今回の配達先は、オーストラリア。バレエダンサーの吉田合々香(ねねか)さん(32)へ、長野県で暮らす父・邦久さん(62)、母・薫さん(62)の想いを届ける。
オーストラリア第3の都市・ブリスベンに本拠地を置く「クイーンズランドバレエ団」に所属する合々香さん。5年前、日本人で初めてこのバレエ団の最高位・プリンシパルに就任。約50人の団員の頂点に立つ看板ダンサーとして、「白鳥の湖」や「ロミオとジュリエット」など数多くの作品で主演を務めている。
母の影響でバレエを始めたのは、3歳のとき。小学生から全国コンクールに出場するようになった。その頃、海外の名門バレエ団のドキュメンタリーを見て、留学を意識するように。そして、中学3年生で出場したコンクールでの演技を見た世界的バレエダンサー、ドミニク・カルフーニさんの誘いで、わずか15歳で単身フランスへ渡った。その後、バレエの最前線で実力を磨いた合々香さんは、若手ダンサーの登竜門「ローザンヌ国際バレエコンクール」でファイナリストに。その審査員だった当時の芸術監督、リー・ツンシンさんにスカウトされ、19歳でクイーンズランドバレエ団へ入団したのだった。

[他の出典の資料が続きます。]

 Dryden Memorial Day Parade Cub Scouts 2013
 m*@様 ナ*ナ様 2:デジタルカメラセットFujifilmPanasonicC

次回の公演は、シェイクスピアの四大悲劇の1つ「ハムレット」。合々香さんは、主役の1人であるハムレットの母親・ガートルードを演じる。シェイクスピアの作品は、難解なセリフによって複雑な人間ドラマを描き出すことで知られるが、バレエでは人物の内面をダンスだけで表現しなければならない。さらに母親役もほぼ経験がなく、合々香さんも今回の役作りにはかなり苦労していた。この2か月は完璧に準備をしてきたものの、まだ進化できる余地があるはずと、相手役とともに探求を重ねる。

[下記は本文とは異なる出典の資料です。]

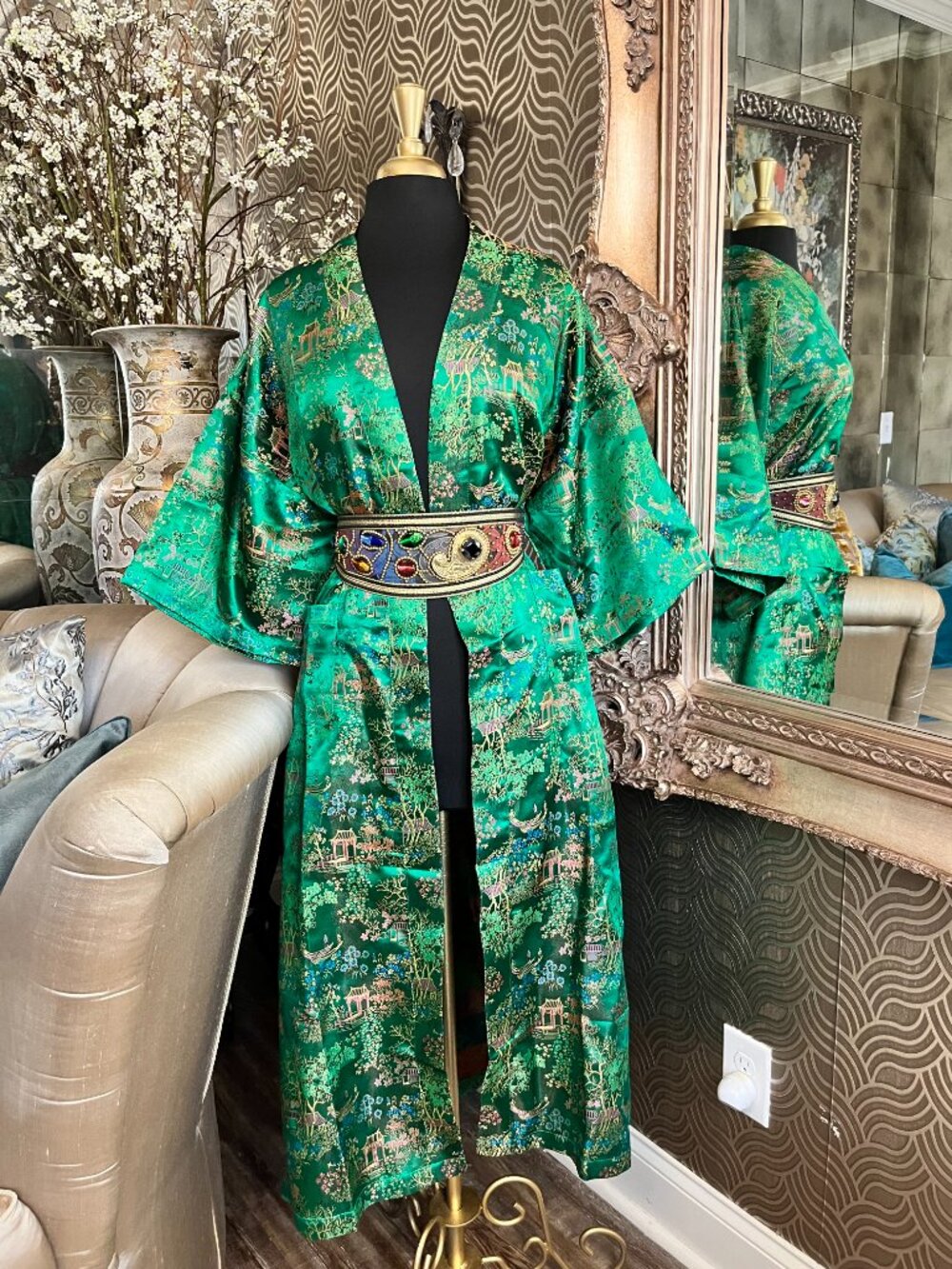 vintage WHIT BY silk emerald green woven pagoda and floral damask pattern kimono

午前9時にはスタジオに入り、帰宅するのは夜の7時。日本にいた頃は母親にべったりで、家族と離れての暮らしは寂しい思いをすることもあるという。とはいえ、合々香さんの1週間の予定はバレエで埋まっている。そんな日々を過ごす中、毎週のように会う大親友とのランチは、バレエから離れて心を休ませる大切な時間になっている。

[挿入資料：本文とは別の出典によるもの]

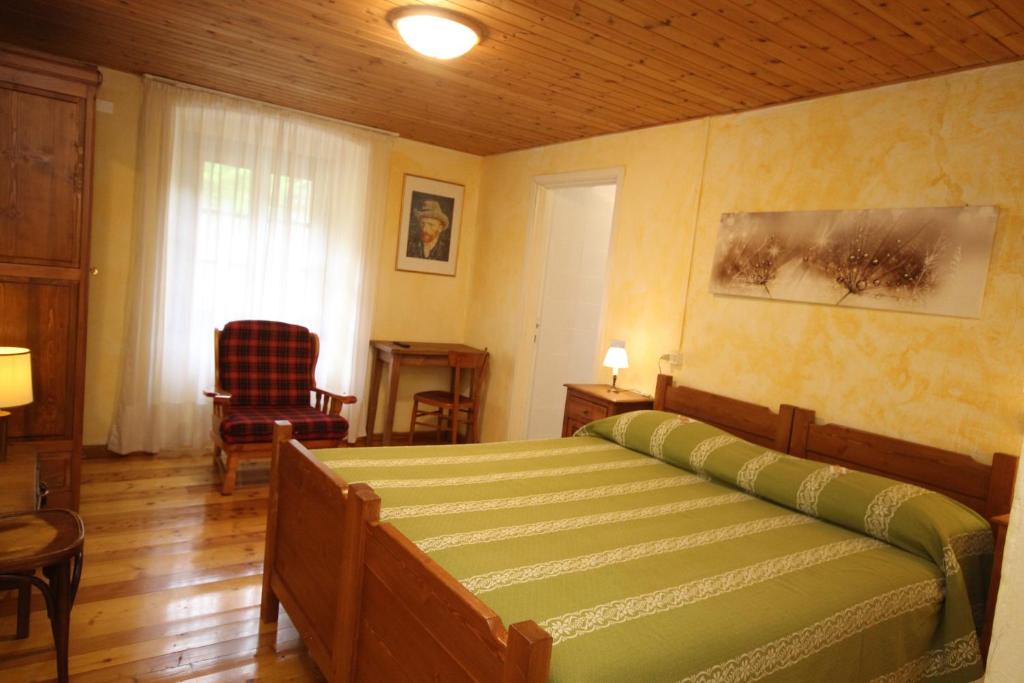 Postel nebo postele na pokoji v ubytování Hotel Col Du Mont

迎えた「ハムレット」の公演当日。チケットは完売で、観客の期待は高まっていた。一方、合々香さんは開演時間ギリギリの時間まで役への探求を続ける。物語は、王である夫を失い、悲しみに暮れるガートルードの場面から始まる。女王であり、1人の女性であり、そしてハムレットの母であるガートルード。誤って飲んだ毒が体に回っていくという肉体的な苦しみ、新しい夫に裏切られた女性としての苦しみ、そして息子・ハムレットの人生を狂わせてしまった母としての苦しみ…クライマックスでは、ガートルードが抱えるいくつもの苦しみを表現。その熱演は観客を引き込み、心を打った。
人生の全てを捧げ、バレエに打ち込む合々香さん。「残念ながら、キャリアは短い。だから今、この瞬間に100%やっておかないと後悔するのは目に見えている。家族との時間を犠牲にしてまでやりたいことがバレエだから、満足はしないかもしれないけど、できるだけ後悔がなく、やり切ったなあとすっきりした気持ちで引退できたらいいなと思っています」と今の想いを語る。
そんな娘が公演に挑む様子を見て、「また成長したのを感じたし、観客のみなさんの反応もうれしかった」という母・薫さん。「少し休んでほしい」と心配しながらも、親友とリラックスした時間を持てていることにほっとした表情を見せる。
15歳で親元を離れた寂しさを抱えながらも、悔いのないバレエ人生を全うするため、日々努力を重ねる合々香さんへ、両親からの届け物はパジャマとストール。頑張り続ける娘の心と体を休ませてあげたいという気持ちと、父と母を近くに感じてもらえたらという願いが込められていた。さらに添えられた手紙を読み、思わず涙があふれる合々香さんは、「心配をかけていると思いますが、一番の恩返しは私が活躍する様子を見せることだと思っています」と、両親とバレエへの想いを新たにするのだった。